OpenNebula NVIDIA Fabric Manager

Introduction

The OpenNebula NVIDIA® Fabric Manager integration provides a complete solution for managing NVIDIA NVSwitch fabric within a cloud environment.

NVIDIA Shared NVSwitch Virtualization Model

The OpenNebula integration with Fabric Manager integration follows the NVIDIA Shared NVSwitch Virtualization Model. This model uses a Service VM in each hypervisor for managing the NVSwitches. The NVSwitches are added to the Service VM as PCI passthrough devices to configure the selected GPU partitioning. The Guest VMs are configured with PCI passthrough for the GPUs only, without any visibility of the NVSwitches. See the reference architecture in the image below.

Reference architecture. Adapted diagram based on the "Shared NVSwitch Virtualization Model" located in the NVIDIA Fabric Manager User Guide.

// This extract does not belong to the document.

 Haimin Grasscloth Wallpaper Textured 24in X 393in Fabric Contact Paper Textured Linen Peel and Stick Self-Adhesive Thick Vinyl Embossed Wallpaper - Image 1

These are the key components of the NVIDIA Shared NVSwitch Virtualization Model:

Service VM (Fabric Manager VM): a persistent, minimal Virtual Machine runs on each KVM host.
PCI Passthrough: the NVSwitch hardware devices are passed directly to this Service VM. The GPUs are passed directly to guests (workload) VMs.
Fabric Manager: the NVIDIA Fabric Manager and associated NVIDIA tools run inside the Service VM, allowing it to dynamically reconfigure and manage the NVSwitches.

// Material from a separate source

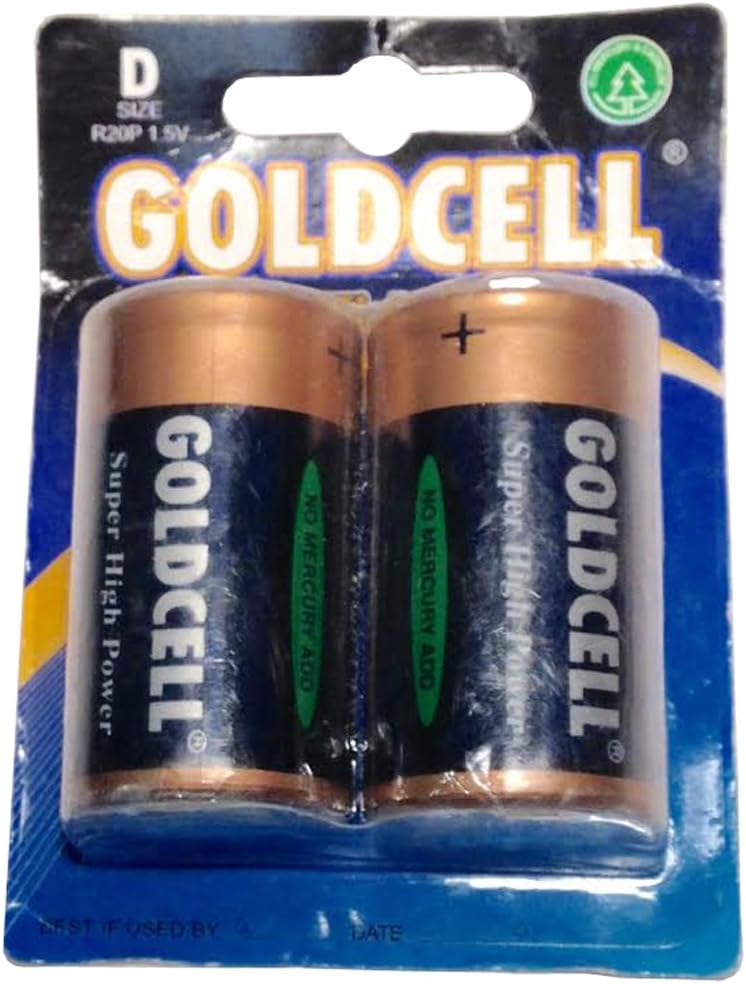 9796 - Goldcell D Batteries Four Packs of 2 |11-12|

For additional information about NVIDIA Shared NVSwitch Virtualization Model, refer to the official NVIDIA Fabric Manager documentation.

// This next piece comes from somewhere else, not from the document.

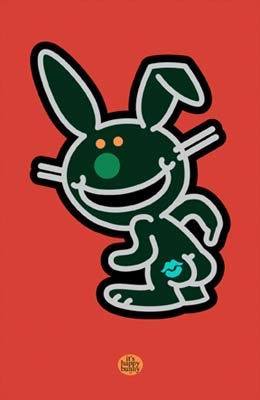  Happy Bunny 키스 Negetive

OpenNebula FabricManager Architecture

OpenNebula implements the NVIDIA Shared NVSwitch Virtualization Model through a two-part system designed for automation and centralized management:

Host Component (opennebula-kvm-node EE package): the Enterprise Edition of the package is installed on each KVM host that contains NVSwitch devices. It provides a systemd service that manages a minimal, self-contained VM (one-fabricmanager). This VM is given direct, secure access to the NVSwitch hardware via PCI passthrough and contains the necessary NVIDIA tools like nv-partitioner and nvswitch-audit to manage the hardware.
The host component also includes a monitoring probe that runs periodically. It queries the Fabric Manager VM to get the current NVSwitch partitions and maps the logical GPU module IDs to the physical PCI addresses on the host. This information (NVSWITCH_PARTITION) is reported to OpenNebula, making the partition status and the GPU topology visible in the host’s monitoring data for scheduling and management.
Frontend CLI (onefabric): the primary user interface for the tool, managed from the OpenNebula frontend. It acts as a central point of control for the entire cluster. When you run a command, the tool connects to the relevant KVM hosts and execute commands inside the Fabric Manager VM using the QEMU guest agent. This allows you, as an administrator, to manage the NVSwitch hardware across all hosts from a single console.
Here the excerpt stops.